Information provided: Begin

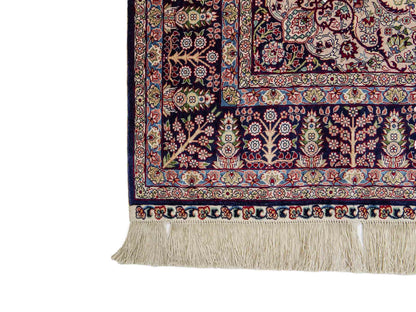 Sehr feiner, handgeknüpfter Khademi Hereke Orientteppich aus Seide, weiß, blau. 153x93 cm. Vertrieb durch Jupiter Intl.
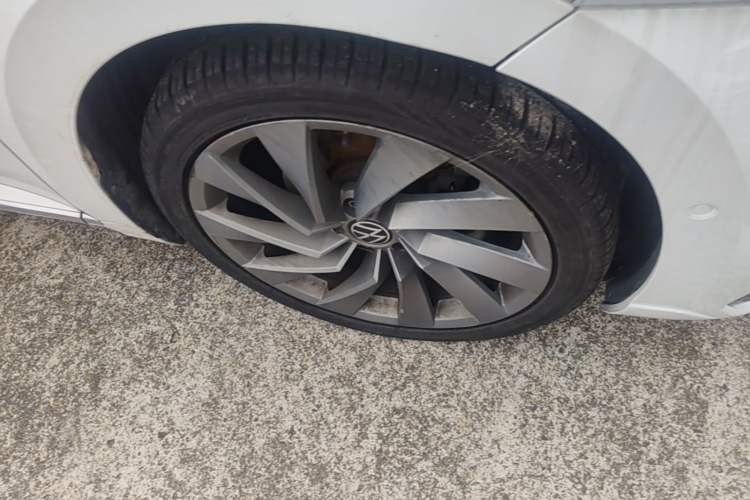 Used Volkswagen FAW-Volkswagen CC  Right Front Wheel Hub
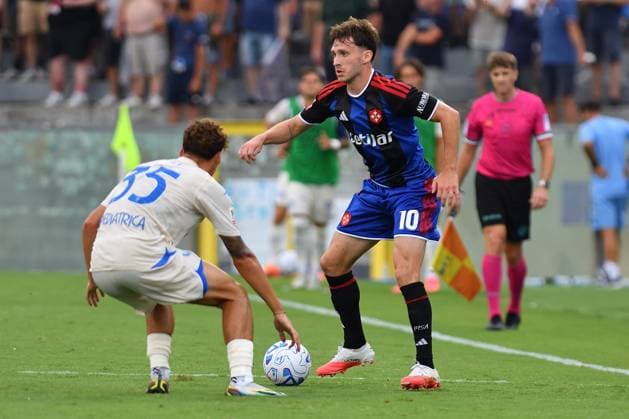 SOCCER - Coppa Italia - Pisa SC vs. Empoli FC Photo by IPA ABACAPRESS.COM87584256 - Matteo Tramoni (Pisa) was stopped by Matteo Egan (Empoli) during the Pisa SC vs. Empoli FC Coppa Italia soccer match in Pisa, Italy, on August 17, 2026 Pisa Italy  Copyright: xIPAxSport ABACAx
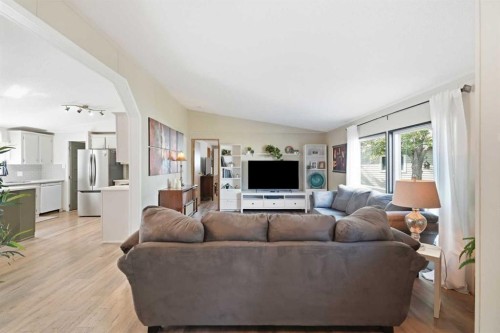 359 Burroughs Circle Ne, Calgary, AB 
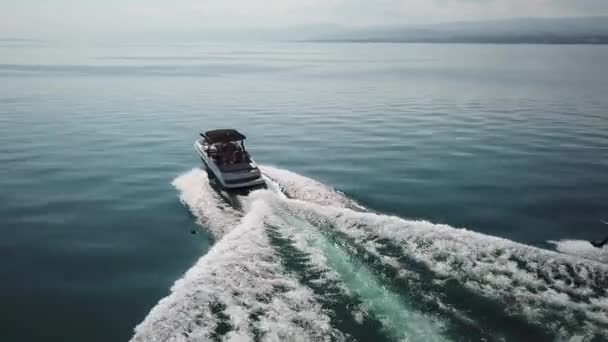 Wakeboard Athlete Boat His Rope Geneva Lake Drone Aerial View — 图库视频影像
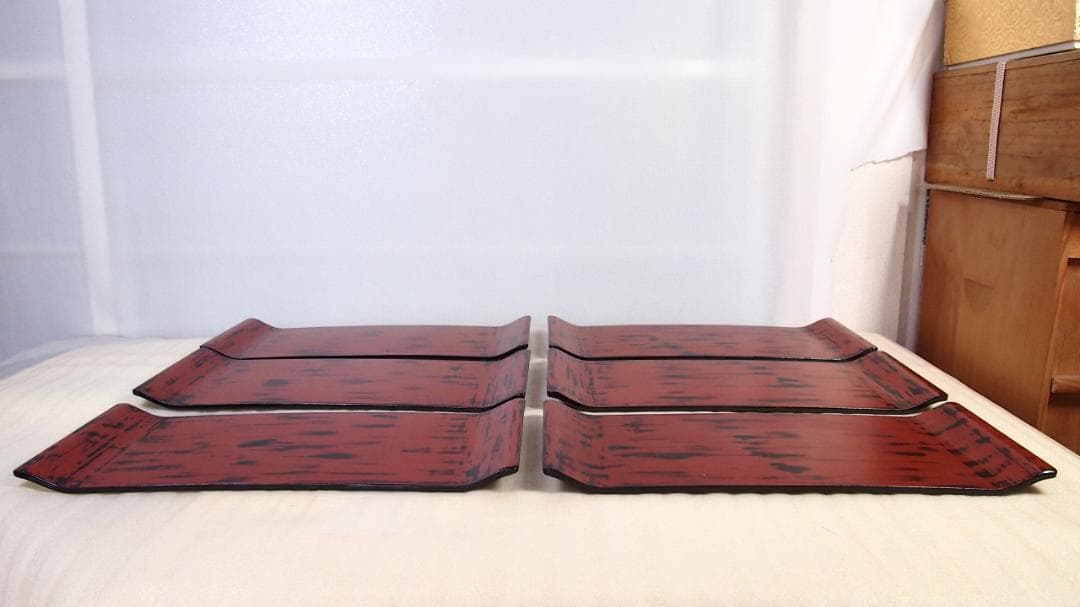 【良品】根来塗 金剛堅地請合 味のある角盆 6客 角皿/卓上膳/酒膳 漆器トレイ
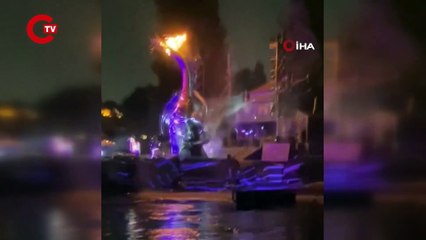 Disneyland'de alev alan mekanik ejderha paniğe yol açtı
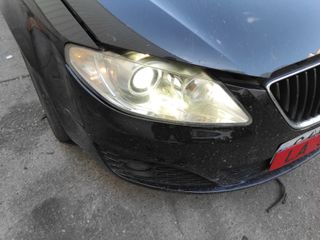 [1583557] FARO DERECHO SEAT EXEO ST (3R5)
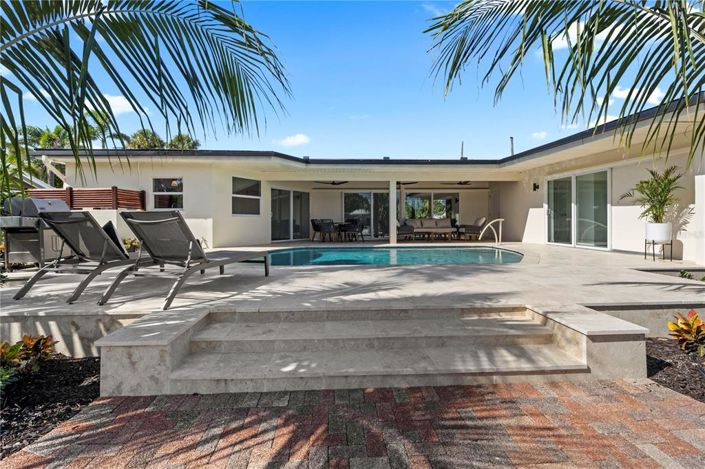 Image No.56-3 Bed Property for sale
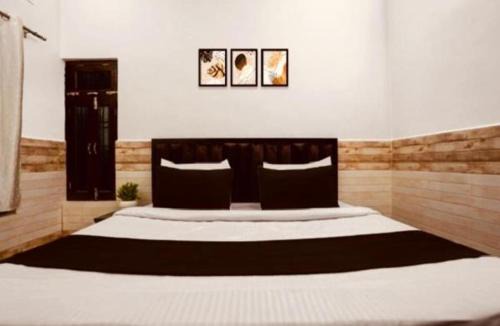 Gorakhpur House | Hotel HP Palace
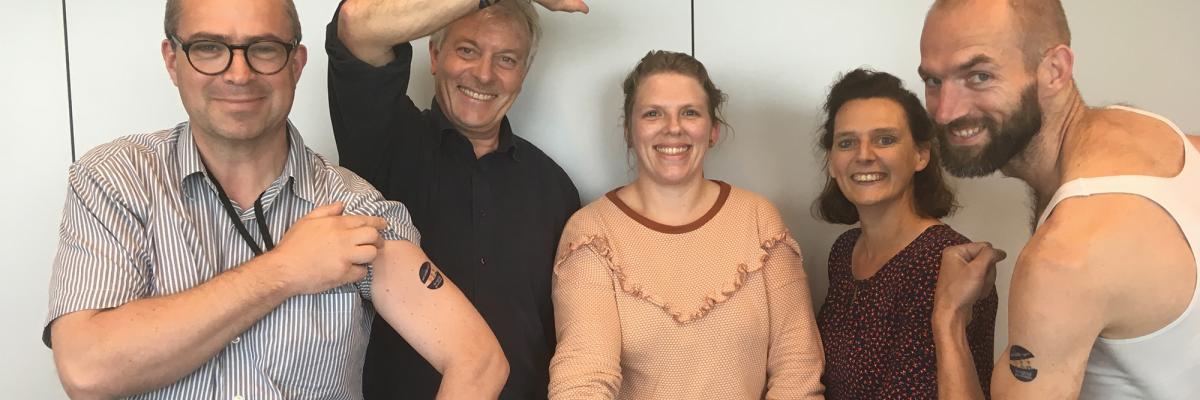 Stefaan Van Mulders en enkele werknemers van toenmalig agentschap Jongerenwelzijn met een opplak tattoo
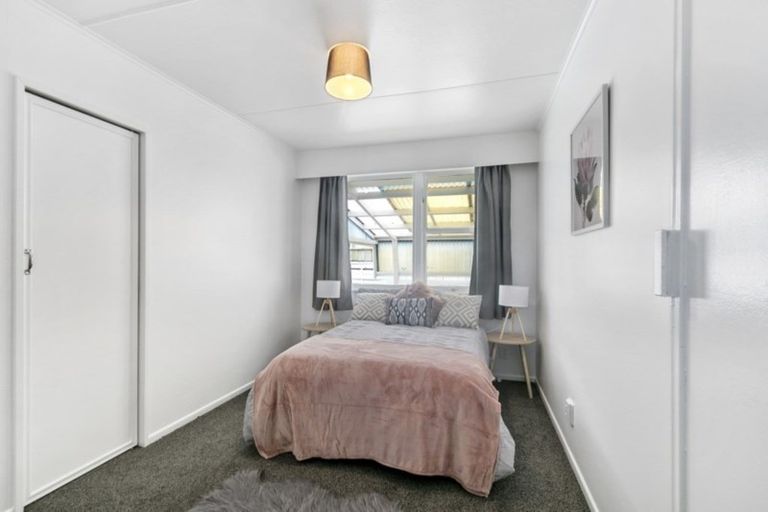 Photo of property in 20 Parenga Street, Wainuiomata, Lower Hutt, 5014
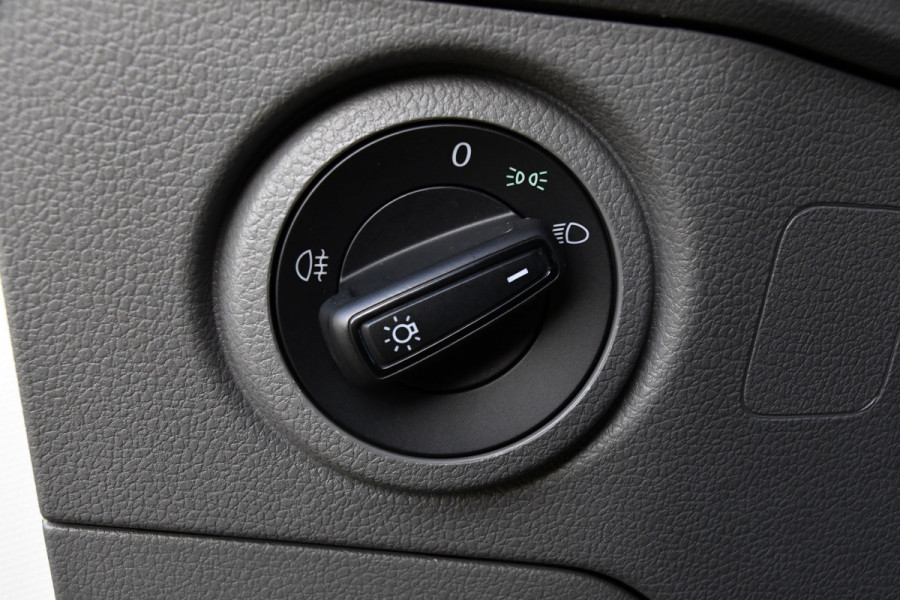 Volkswagen Crafter 35 2.0 TDI L3H2 Black Edition Camera, Carplay, Stoelverwarming, LED, Trekhaak, Sensoren, multimedia, Automaat, Uniek! Volkswagen Crafter 35 2.0 TDI L3H2 Black Edition Camera, Carplay, Stoelverwarming, LED, Trekhaak, Sensoren, multimedia, Automaat, Uniek!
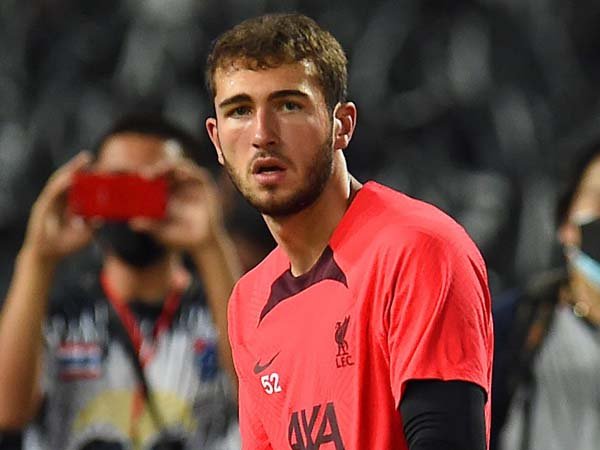 Davies Ungkap Kesan Pertamanya setelah Bela Tim Senior Liverpool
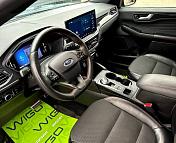 Ford Escape IV · Рестайлинг , 2023 г., автомат, бензин - фото 9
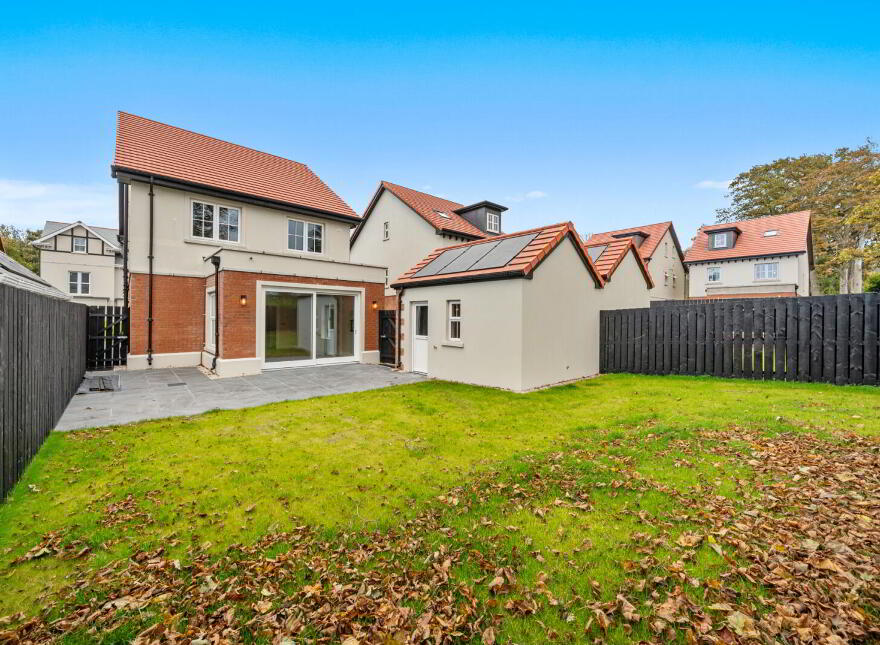 28 The Firs, Holywood, BT18 9GH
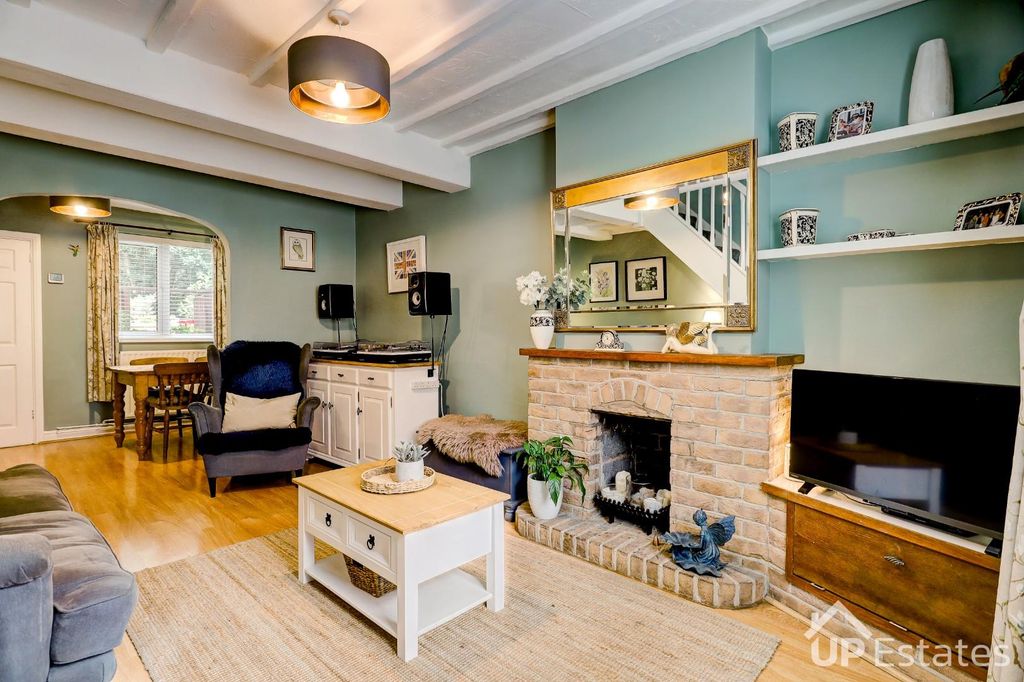 Property photo 3 of 19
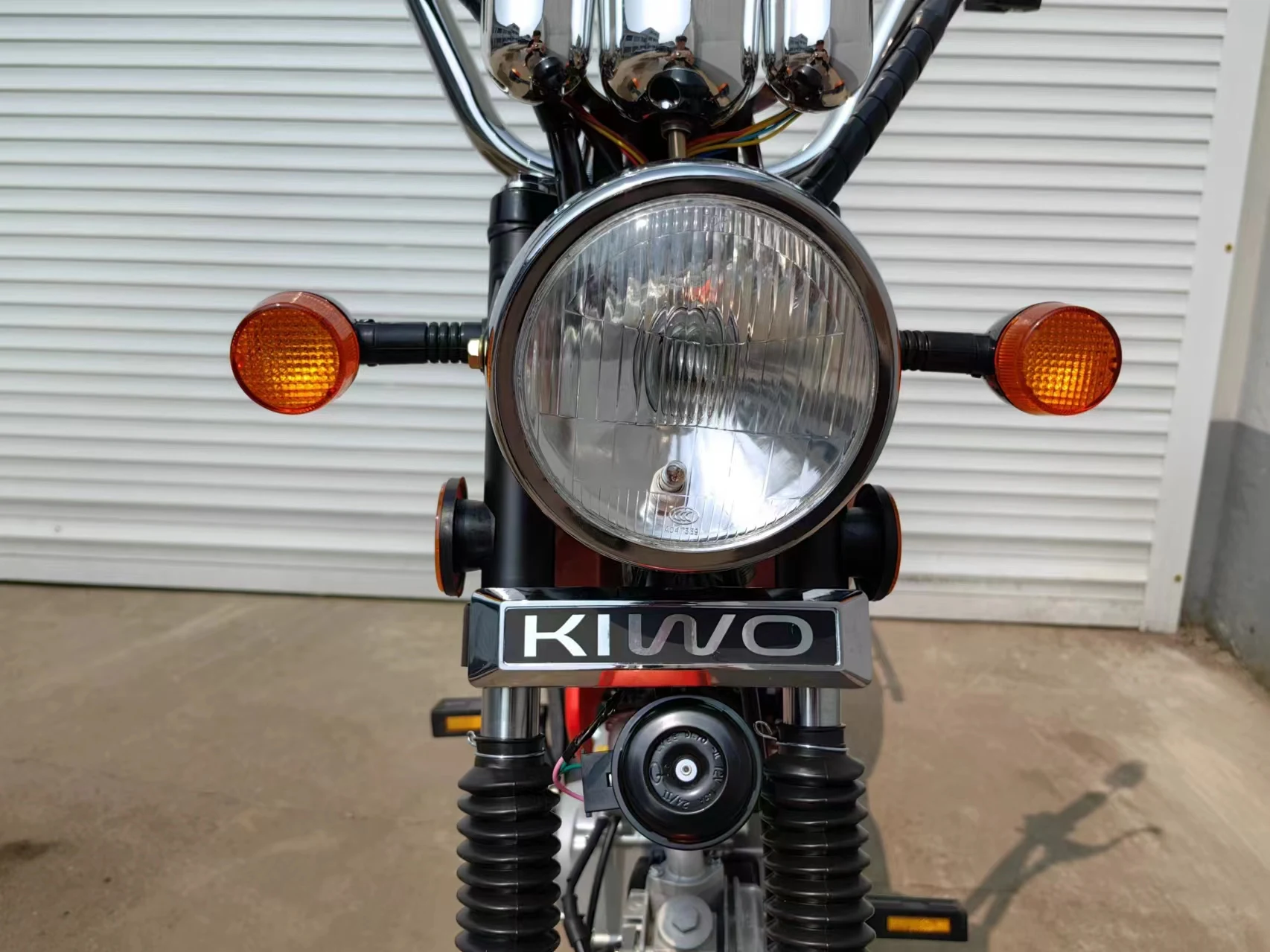 50cc 100cc 4 Stroke 12inch Automatic clutch Mini classic moped motorcycle for sale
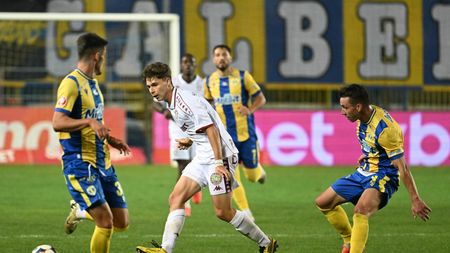 Motivul neașteptat pentru care Petrolul și Rapid nu reușesc să parafeze schimbul de fotbaliști pentru care discută de la începutul anului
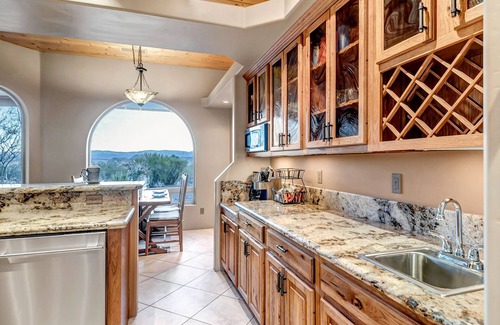 Cornville House | Cornville Hacienda Charm- Stunning Views, Hot Tub + Close to wineries & Nearby to Sedona!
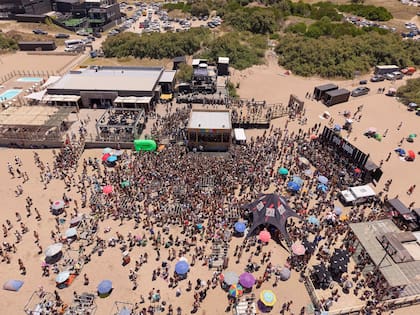 El streaming en vivo transformó la playa de Pinamar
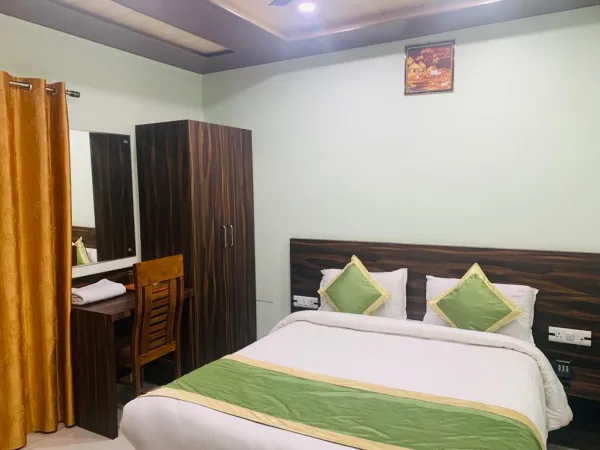  - HOTEL BHAVISHYA INN BAGESHWAR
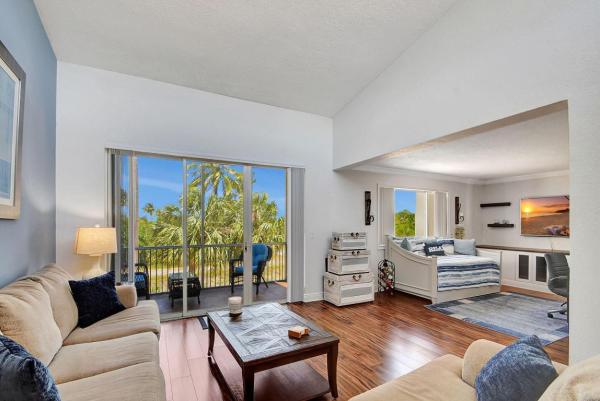 Boundbrook, 2561 Boundbrook Blvd #205, West Palm Beach, Florida 33406, image 1
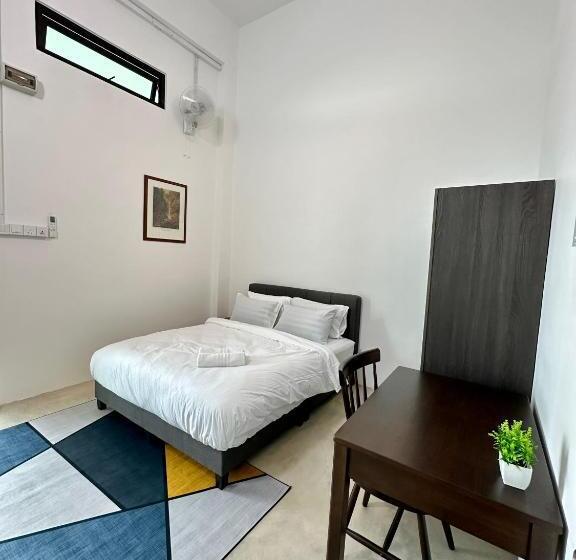 פנסיון Ferringhi Inn 51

Information provided: End

Exercise details =>
Reproduce only the lines running from the beginning of the entries above to the line holding "Wakeboard Athlete Boat", inclusive. Pictures stay out of the copy.

Answer to this task =>
 Sehr feiner, handgeknüpfter Khademi Hereke Orientteppich aus Seide, weiß, blau. 153x93 cm. Vertrieb durch Jupiter Intl.
 Used Volkswagen FAW-Volkswagen CC  Right Front Wheel Hub
 SOCCER - Coppa Italia - Pisa SC vs. Empoli FC Photo by IPA ABACAPRESS.COM87584256 - Matteo Tramoni (Pisa) was stopped by Matteo Egan (Empoli) during the Pisa SC vs. Empoli FC Coppa Italia soccer match in Pisa, Italy, on August 17, 2026 Pisa Italy  Copyright: xIPAxSport ABACAx
 359 Burroughs Circle Ne, Calgary, AB 
 Wakeboard Athlete Boat His Rope Geneva Lake Drone Aerial View — 图库视频影像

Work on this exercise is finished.